Exercise instructions — Beginning with the line that has "Venku už to" and ending with the line that has "Manikyr med långa", retype the entries below exactly, except for the pictures.
┄┄┄┄┄┄
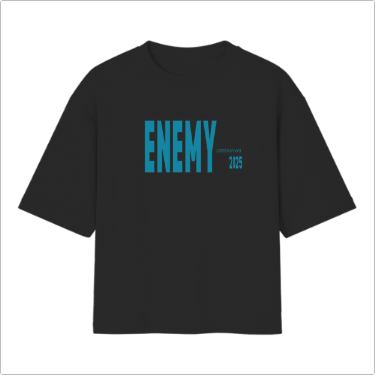 Camiseta com estampa frontal de palavra "ENEMY" em caixa alta, acompanhada de um pequeno texto "CONFRONTING" e o número "2125" ao lado direito.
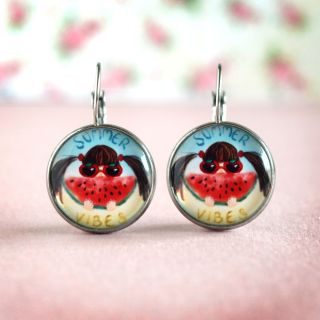 Venku už to konečně začalo vypadat jako léto, tak to chtělo nějakou letní náladu dostat také na e-shop 🌞...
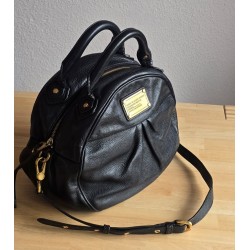 Marc By Marc Jacobs Henkel/Crossbody Tasche Softleder Rundform Schwarz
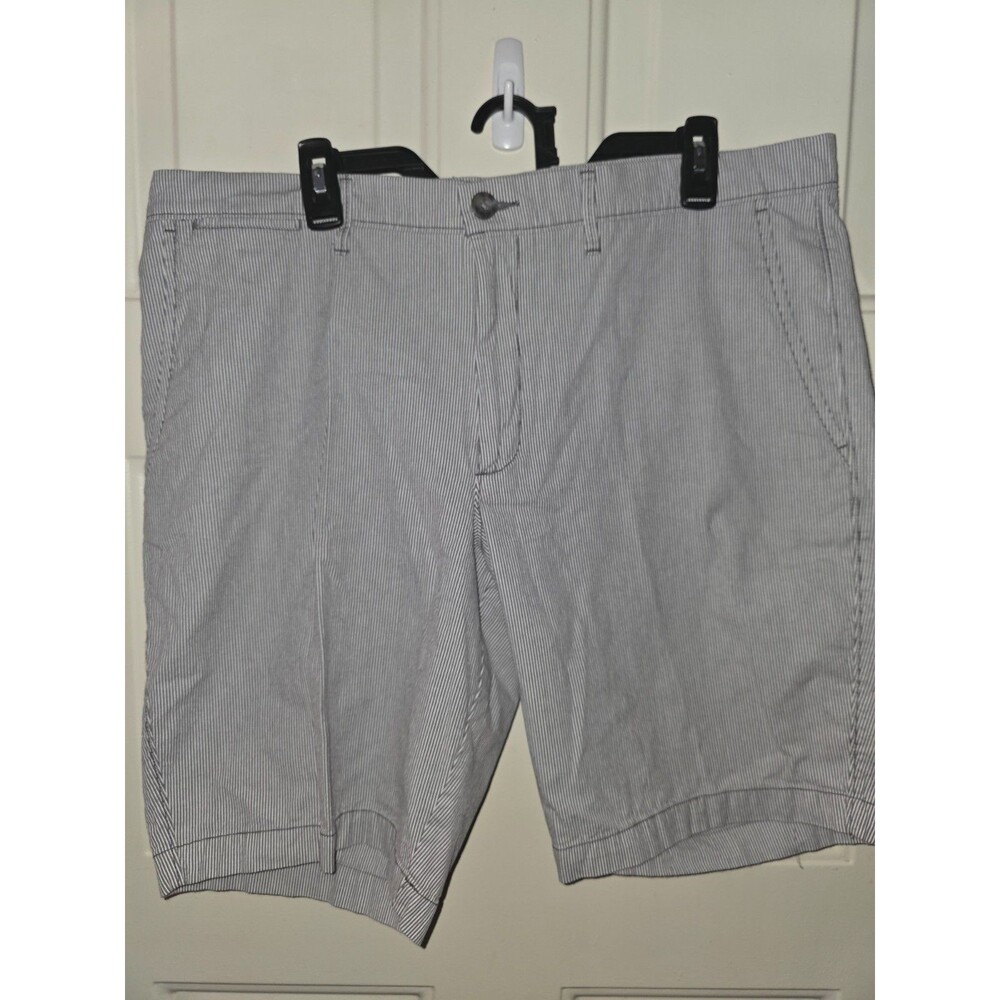 Goodfellow Men’s Shorts Size 38 Gray/White Linden Stripe Short 10.5” Inseam
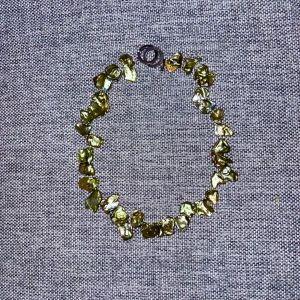 Halsband  - Halsband , infärgade snäckskal i grönmetallic.  Ytterst lite använt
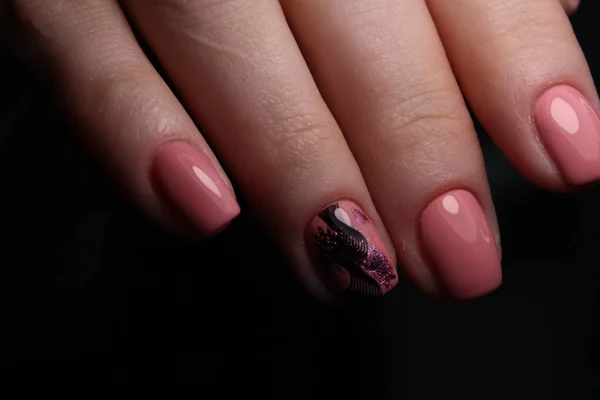 Manikyr med långa naglar på trendiga textur bakgrund — Stockfoto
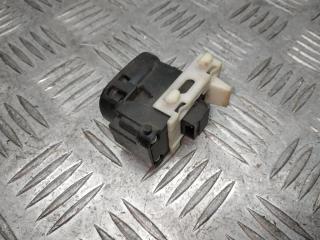 кнопка стеклоподъемника двери Mercedes-Benz C-Класс W203/S203/CL203 W203 2002, 2.7 л., CDi, OM 612.962, дизель, 6МКПП, brillantsilber / 744, седан, задний привод, правый руль, A2038200210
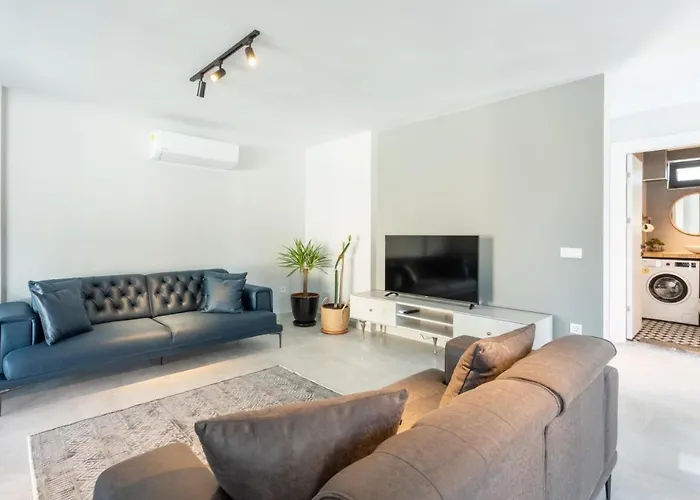 Exclusive Paradise 1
┄┄┄┄┄┄
Solution below —
 Venku už to konečně začalo vypadat jako léto, tak to chtělo nějakou letní náladu dostat také na e-shop 🌞...
 Marc By Marc Jacobs Henkel/Crossbody Tasche Softleder Rundform Schwarz
 Goodfellow Men’s Shorts Size 38 Gray/White Linden Stripe Short 10.5” Inseam
 Halsband  - Halsband , infärgade snäckskal i grönmetallic.  Ytterst lite använt
 Manikyr med långa naglar på trendiga textur bakgrund — Stockfoto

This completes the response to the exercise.